The EU’s General Court has dismissed a case submitted by Austria against the European Commission’s (EC’s) approval of state aid for the planned Hinkley Point C nuclear power plant in Somerset, England.
In a statement, the General Court said that the Commission ‘did not err’ in its decision to accept the UK’s defence that the completed plant will serve the interests of the general public.
The state aid was approved to be granted to EDF Energy subsidiary NNB Generation in October 2014. It is comprised of three parts; a contract for difference, an agreement between NNB investors and the UK’s Secretary of State for Energy and Climate Change, and a credit guarantee from the UK on bonds to be issued by NNB.
The contract is intended to guarantee price stability for electricity sales and to ensure compensation in the event of an early plant shutdown, while the agreement offers compensation in the event of early shutdown for political reasons.

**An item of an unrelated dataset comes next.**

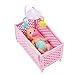 Barbie Skipper Babysitters Inc Crib Toy Playset with Skipper Doll, Baby Doll with Sleepy Eyes, Furniture & Accessories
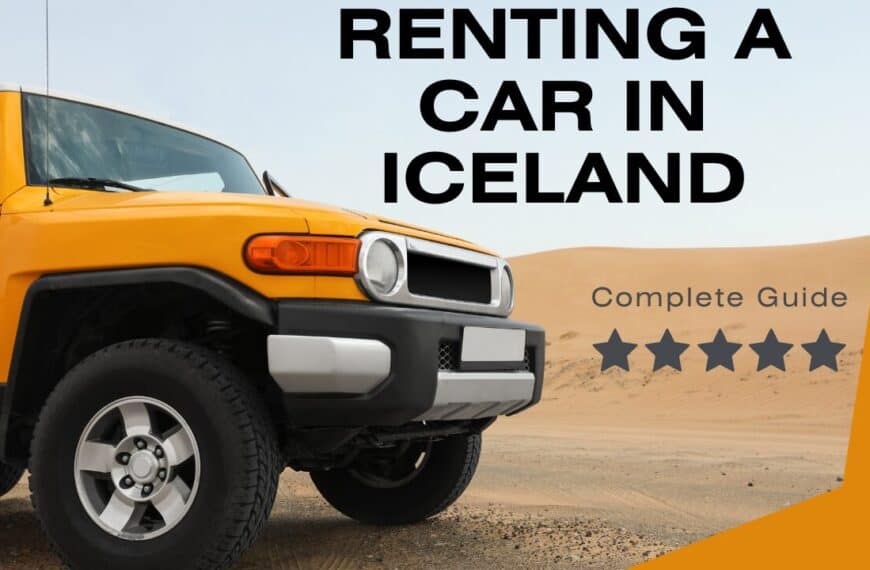 renting a car in iceland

The credit guarantee is intended to ensure the timely payment of principal and interest of qualifying debt, up to a maximum of £17bn.
These terms were accepted by the EC as suitable for the internal market, despite Austria’s lawsuit being filed on 6 July 2015, seeking to make the EC’s decision void.
Since the lawsuit was first filed Luxembourg has voiced its support of Austria, though the Czech Republic, France, Hungary, Poland, Romania, Slovakia and the UK have all backed the Commission.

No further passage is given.